Low-latency mobile agents: hitting the sub-second perception threshold

Desktop users tolerate two-second agent waits. Mobile users do not. Sub-second is the perception threshold that decides whether your agent feels intelligent or sluggish. Here is the latency budget and the levers that move it.

Why mobile is different

Three properties that compound:

Smaller screens — users do not have other content to look at while waiting.
Touch interaction — every wait interrupts the touch flow.
Cellular variance — network round-trip can be 50 ms or 800 ms on the same device.

Designing for the median desktop case fails on mobile.

The latency budget

For an interactive agent turn:

Phase	Target	Where time goes
Touch → request	< 50 ms	UI thread
Network out	50–300 ms	radio + path
First model token	200–500 ms	model + queue
Streaming visible	< 100 ms after first token	UI render
Tool call (typical)	100–500 ms each	upstream
Full perceived response	< 1000 ms	end-to-end

Past 1 s, users start looking away. Past 3 s, they switch app.

The five levers

1. Aggressive caching

Cache MCP tool results, embeddings, and prompt prefixes. See caching strategies. The first hit pays full latency; the next ones are sub-100 ms.

2. On-device for the easy 70%

A local classifier picks the easy cases and runs them on device. See on-device inference. Avoids the network entirely.

3. Streaming everything

Stream model tokens to the UI as they arrive. Even if total time is 1.5 s, perceived first-response is under 500 ms.

4. Predictive prefetch

While the user is typing, prefetch likely tool results. Risky for cost; brilliant for speed.

5. Cellular-aware routing

On cellular, prefer on-device or POP-cached inference. On Wi-Fi, route to better-quality cloud. See edge agent deployment patterns.

Architecture pattern

user input
   ↓
debounce 50 ms (don't fire on every keystroke)
   ↓
classifier on-device: easy / hard?
   ↓ easy
on-device end-to-end
   ↓ hard
parallel: prefetch likely tools, route to cloud
   ↓
stream output to UI
   ↓
on first complete sentence: speak (if voice) or display (if text)

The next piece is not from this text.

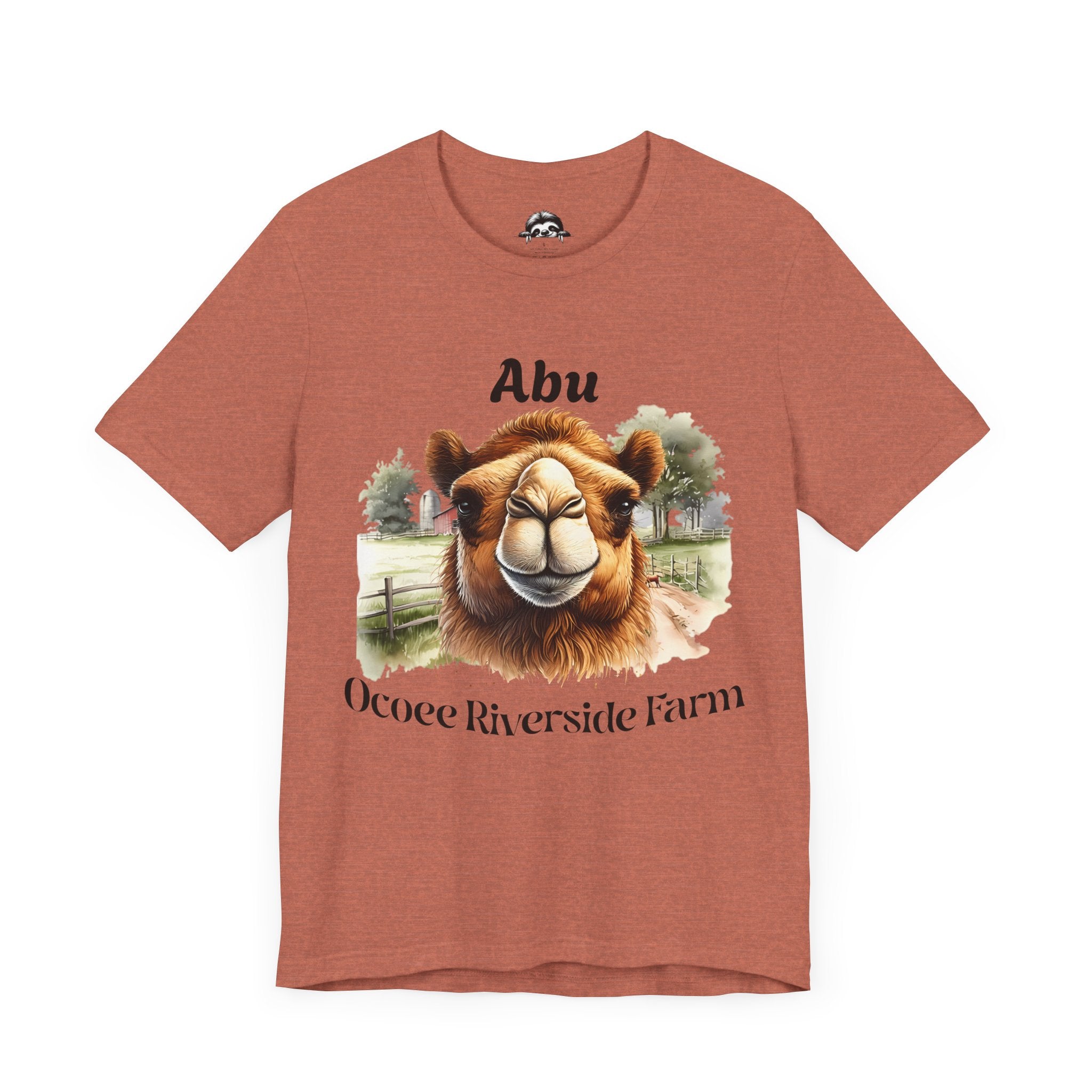 Abu Camel Ocoee Farm Tee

Streaming + prefetch + on-device-first = the perceived sub-second wins.

What kills latency on mobile

Four common culprits, in order of impact:

Cold-start of background tasks

Reactivating an OS-suspended agent process can take 500 ms. Keep the agent process warm where allowed.

Synchronous JSON parsing of large tool results

A 200 KB JSON result parses in 50–200 ms on mobile. Streaming JSON parsers (like JSONStream-style) make this near-zero.

Model picker that re-evaluates per request

Decide once per session, not once per request.

TLS handshakes for every call

Connection pooling matters more on cellular. HTTP/2 or HTTP/3 multiplexing.

Measurement

What to track in production:

Touch-to-first-token latency (TTFB equivalent for agents).
Touch-to-end latency.
Per-network-class breakdown (Wi-Fi vs LTE vs 5G).
Cold-start rate — how often an agent turn pays cold-start cost.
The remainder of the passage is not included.